PREVENIR MEJOR QUE CURAR

sábado, 12 de julio de 2008

Mas vale hablar que callar

Me enteré hace algunas semanas de una investigación que se realizó en el estado de Illinois en Estados Unidos en la que se concluía que el discutir y no controlar la ira nos podría salvar la vida. Hasta ahora creía que hacerlo era nocivo y perjudica la relación de pareja, pero me dí cuenta que la discución con el otro debe ser alturada y sin exagerar, sobre todo si se trata de nuestra pareja.

Esta búsqueda se circunscribió a un dato puntual: cómo reaccionaba cada uno frente a una agresión verbal considerada injusta. La cuestión era si reprimía o no la ira. Las conclusiones fueron terminantes: en las parejas cuyos integrantes suprimían sistemáticamente los enojos, el índice de mortalidad temprana, principalmente por factores cardiovasculares, fue del 23%. Pero entre los miembros de parejas capaces de enfrentar el conflicto, consensuar diferencias y resolver las crisis, fue de sólo el 6 por ciento.

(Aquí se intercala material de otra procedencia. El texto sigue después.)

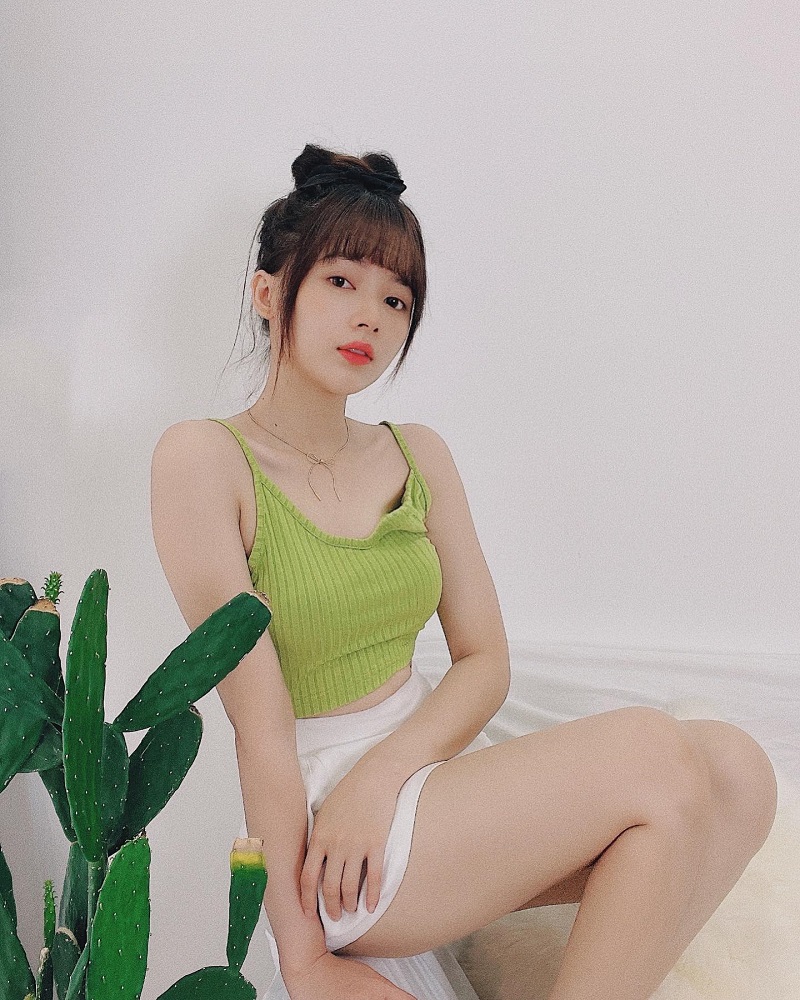  Lan Hương khoe dáng cực đẹp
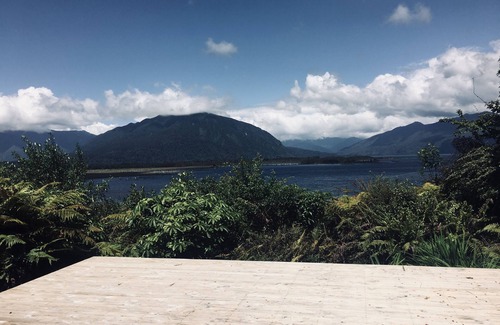 Moana House | Holiday home with fantastic deck and views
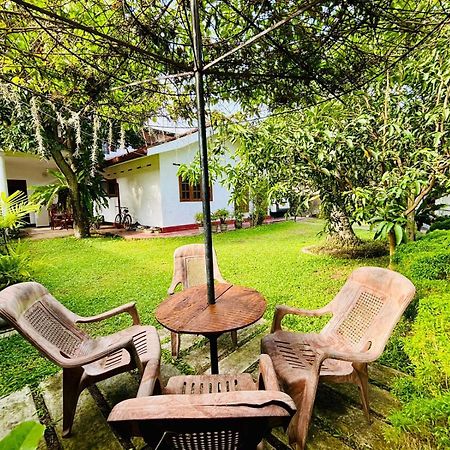 Sanithu Homestay And Villa Galle Zewnętrze zdjęcie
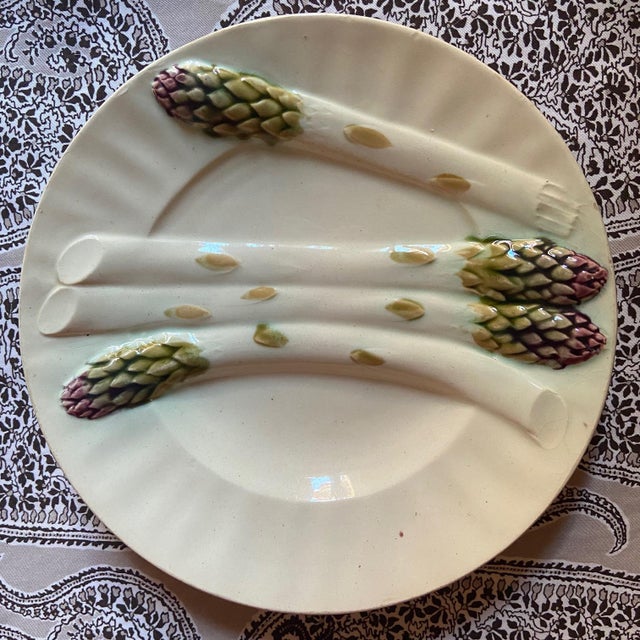 Cream French and Belgian Barbotine Asparagus Plate Wall Plates, Set of 5 For Sale - Image 8 of 10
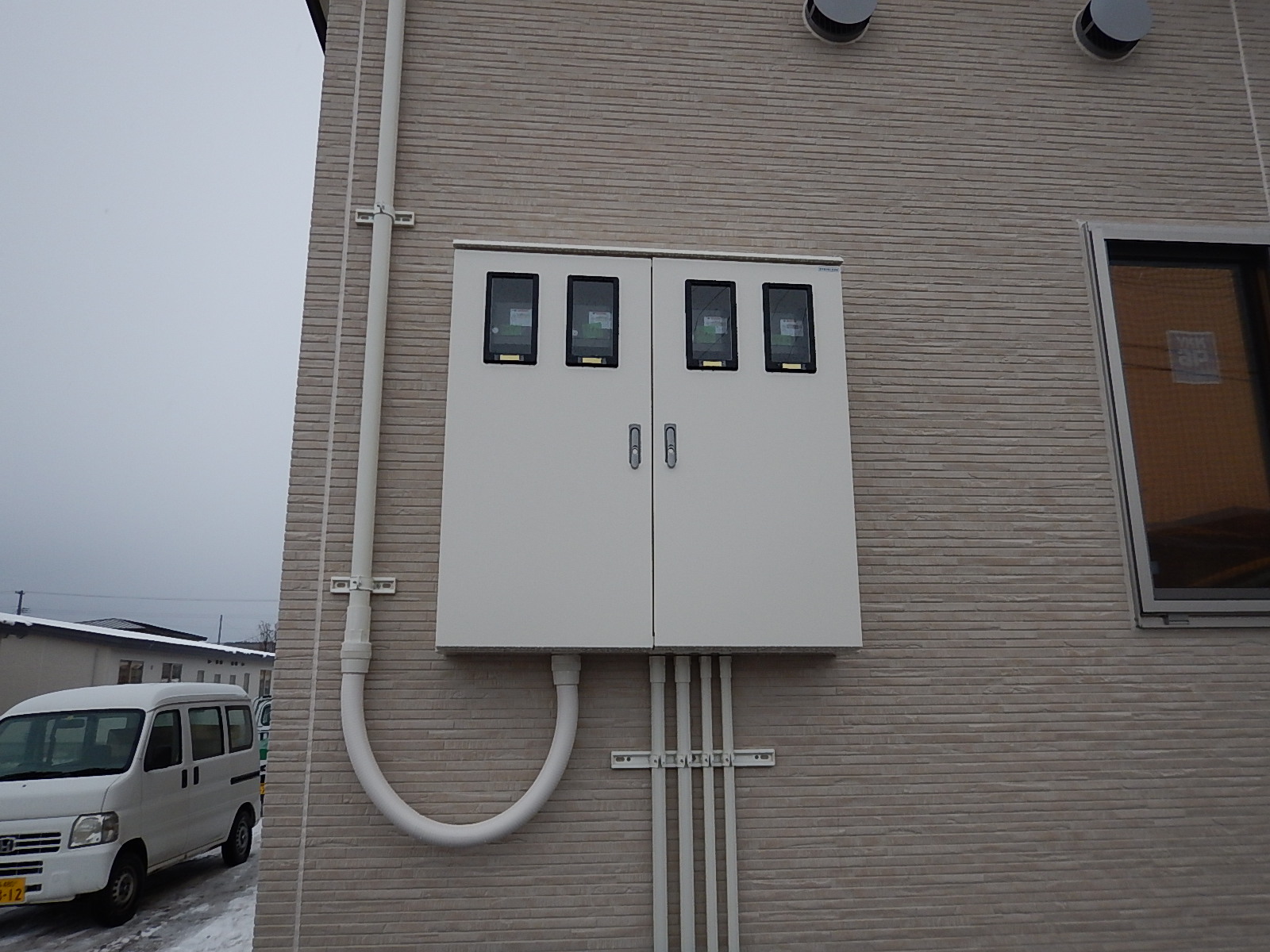 建物の外壁に設置された電気設備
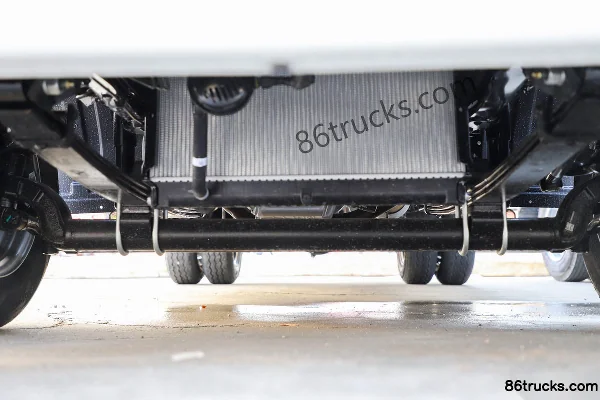 Foton V-Card 1,6L essence 122 ch 4X2(6 roues) WLY 5 vitesses 3,19 m plateau à cabine simple Châssis (1) | 86Trucks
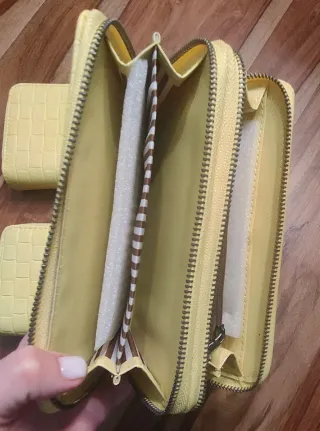 Pack 3 Monederos amarillos. Ideal para 3 regalos.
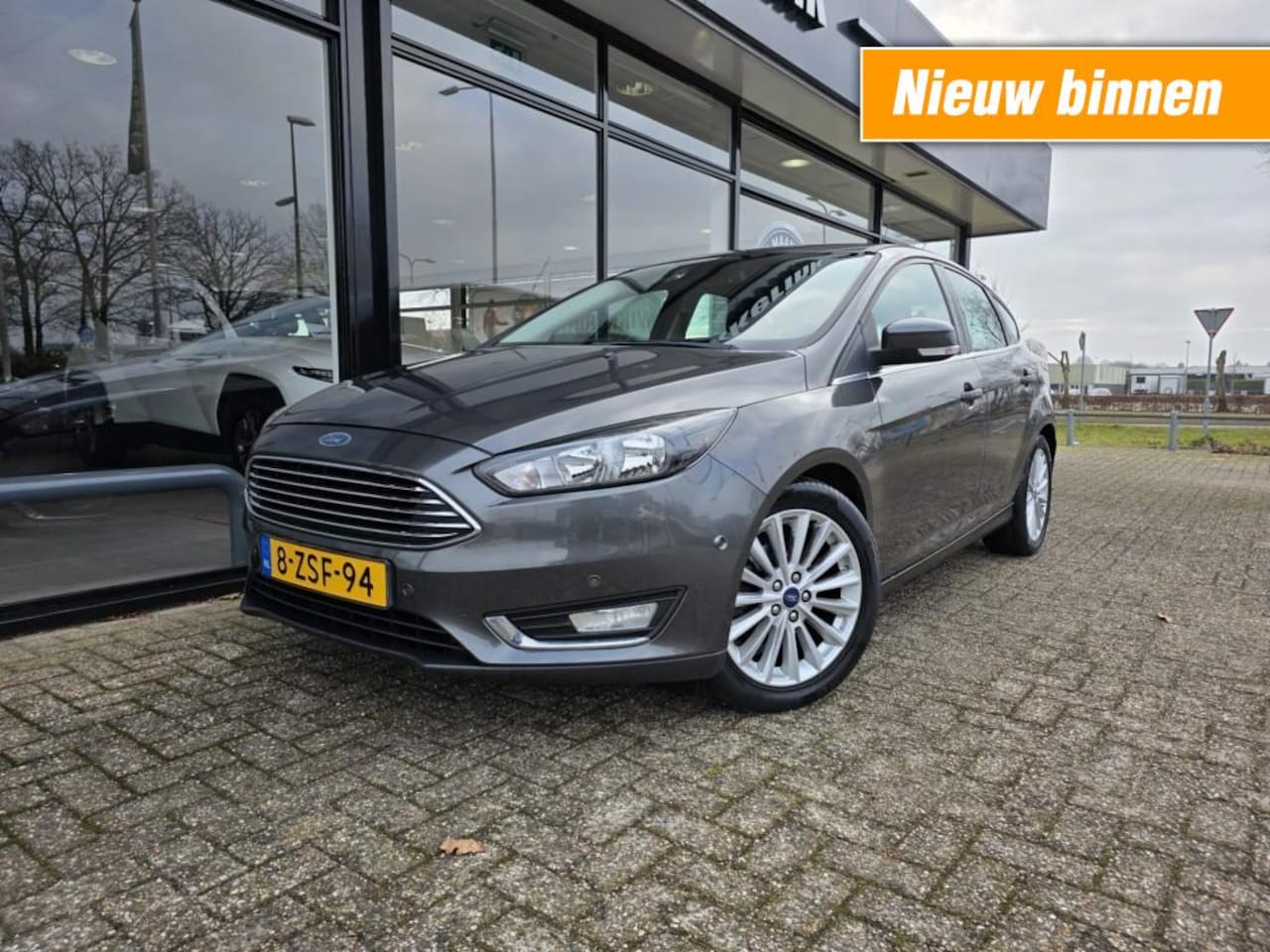 Ford Focus - 1.0 TITANIUM EDITION NAVI/CLIMA/CRUISE - AutoWereld.nl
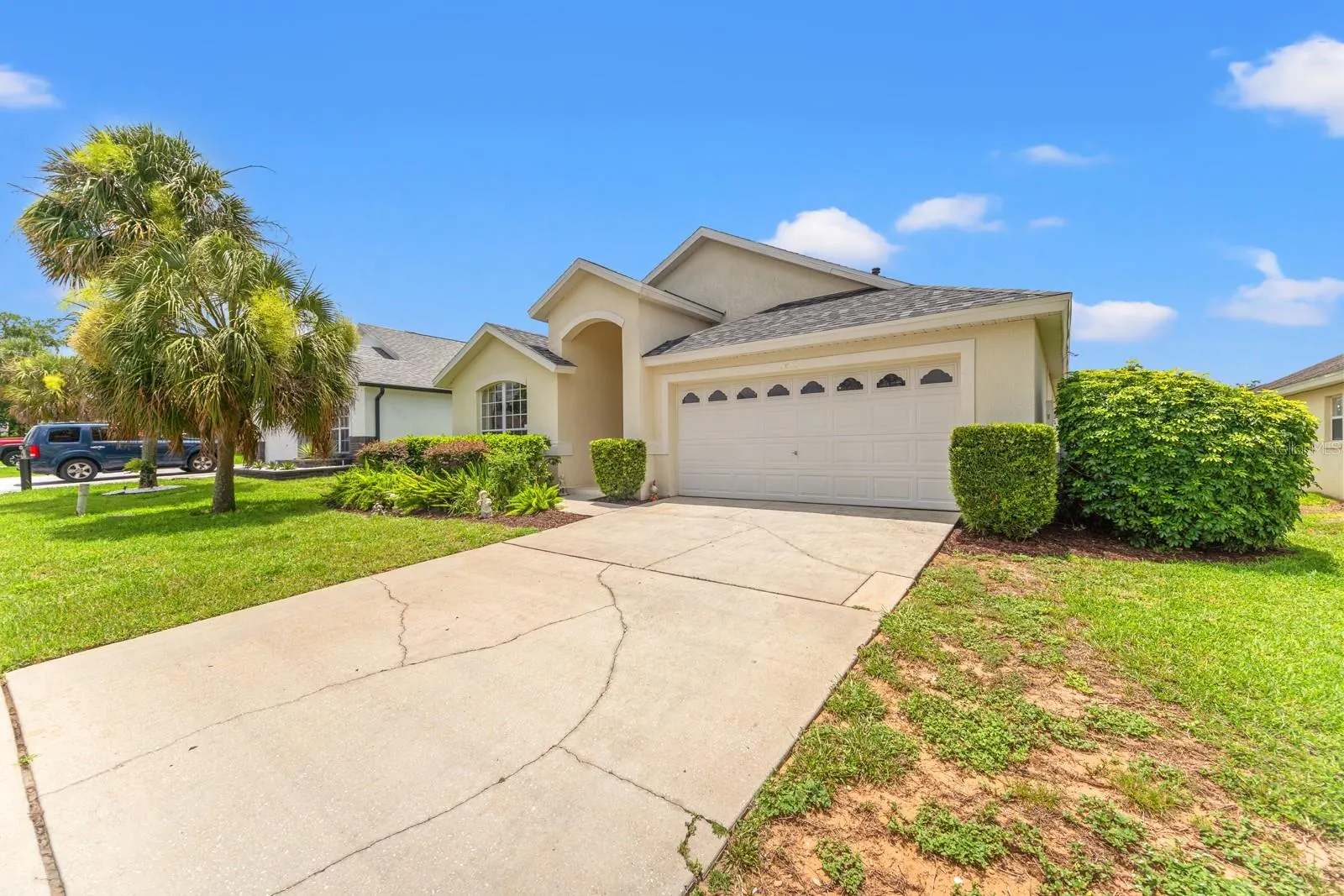 8088 SANTEE DR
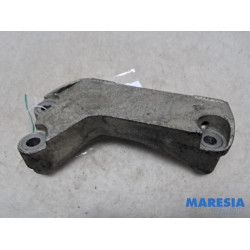 Alfa Romeo - Brera - Engine mount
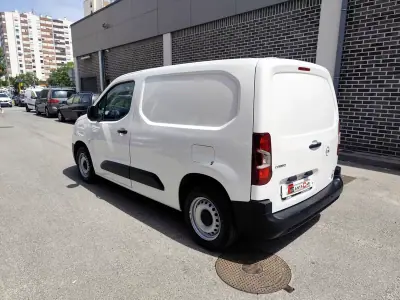 Opel COMBO 2019 - 11980 EUR, 162000 km - AUTO.MOTO.pt - 162000km - foto 11 de 21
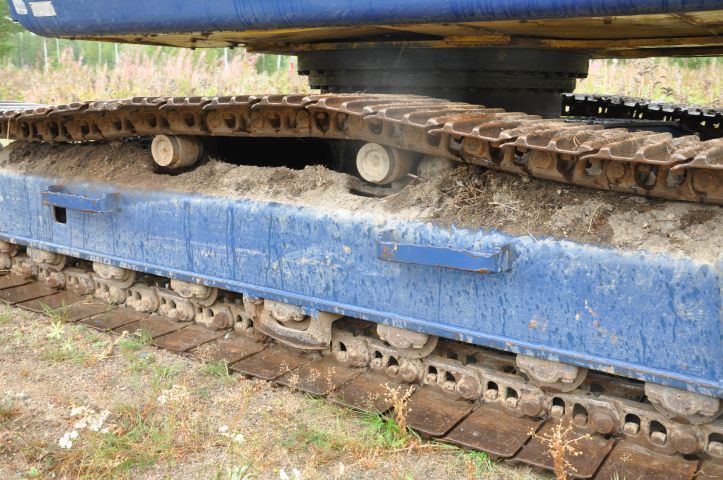 494549-11 Kobelco SK 200 Excavator (1997)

En una persona que se siente atacada injustamente se dispara un sentimiento automático de ira. Si la suprime, la ira se internaliza y comienza un proceso rumiante de repetición mental de las imágenes de la pelea, que finalmente se convierte en resentimiento. Si esta conducta persiste, desequilibra todo el funcionamiento corporal. La ira reprimida, la imposibilidad de canalizar adecuadamente el enojo y las interacciones hostiles dentro de la pareja son fuentes de estrés con un poder devastador, que se refleja en una variada gama de síntomas físicos y psíquicos.

Existe un buen libro de la psicóloga argentina Patricia Faur de la Universidad de Favaloro, que se llama Amores que matan, en él ella define el estrés conyugal como un proceso de desgaste de la comunicación, que se mide a través de la presencia de ciertos indicadores de hostilidad explícita o implícita en los gestos cotidianos: violencia verbal y no verbal, descalificación, sarcasmo, burlas, ironía, silencios, manejo y control del dinero y la sexualidad. Estos rasgos, que inicialmente pueden estar presentes en discusiones abiertas, se van convirtiendo en rasgos estables de la relación y van instalando el maltrato psicológico como algo natural e invisible. Pero de eso no estamos hablando.

Reprimir la ira es impedir la resolución del problema, pero la forma de expresarla tiene sus límites. Tenemos que desarrollar una escucha saludable, o sea no pensar en otra cosa mientras el otro está hablando; no interrumpirlo (solamente puede hablar uno por vez); calmar los sentimientos negativos enfocando la mente en el contenido intelectual de la conversación; tratar de ignorar transitoriamente aquellos rasgos del otro que resultan molestos, y abrir la agenda de temas hasta consensuar algún acuerdo que restaure el sentimiento de justicia.

También es preciso pedir sinceramente al otro que nos explique su pensamiento. Nos situamos en una condición optima para contrastar objetivamente su deseo de fondo y provoca en el otro la actitud de apertura. Cambiar uno mismo como invitación para que el otro modifique su conducta. El principio es el siguiente: si quieres cambiar al otro, cambia tu primero en algo.

Otro consejo podría ser el expresar la ira en el momento de la discusión, evitando toda conducta violenta, que sólo exacerba el problema en lugar de ayudar a resolverlo. Por otra lado no debemos eludir la discución por encima de todo, ni se debe cortar saliendo ostentosamente de la escena, cuando se teme estar equivocado. Y si se hubiera obrado así­ ten la honradez de volver, pasado el momento del enfado, y replantear el asunto hasta alcanzar el acuerdo deseable.

Si bien la comunicación tiene que ser honesta y directa, sin ambigüedades, no tiene que lastimar. A veces, es eficaz acercarse al dolor del otro y tratar de entenderlo, en lugar de utilizar el conocimiento sobre sus debilidades para golpear justo ahí, donde se sabe que más duele, alerta, y realza el potencial no sólo de las palabras, sino también de los silencios, de convertirse en sustitutos de la acción.

El escenario que se despliega al cruzar la frontera entre la discordia conyugal y un buen vínculo de pareja, en las relaciones sanas, se puede opinar sin temor de herir ni de ser herido; no hay descalificaciones ni críticas veladas; la comunicación es directa y franca. No se calla nada porque no se le teme al trabajo emocional y se aceptan las discusiones y los desacuerdos porque se toleran las diferencias.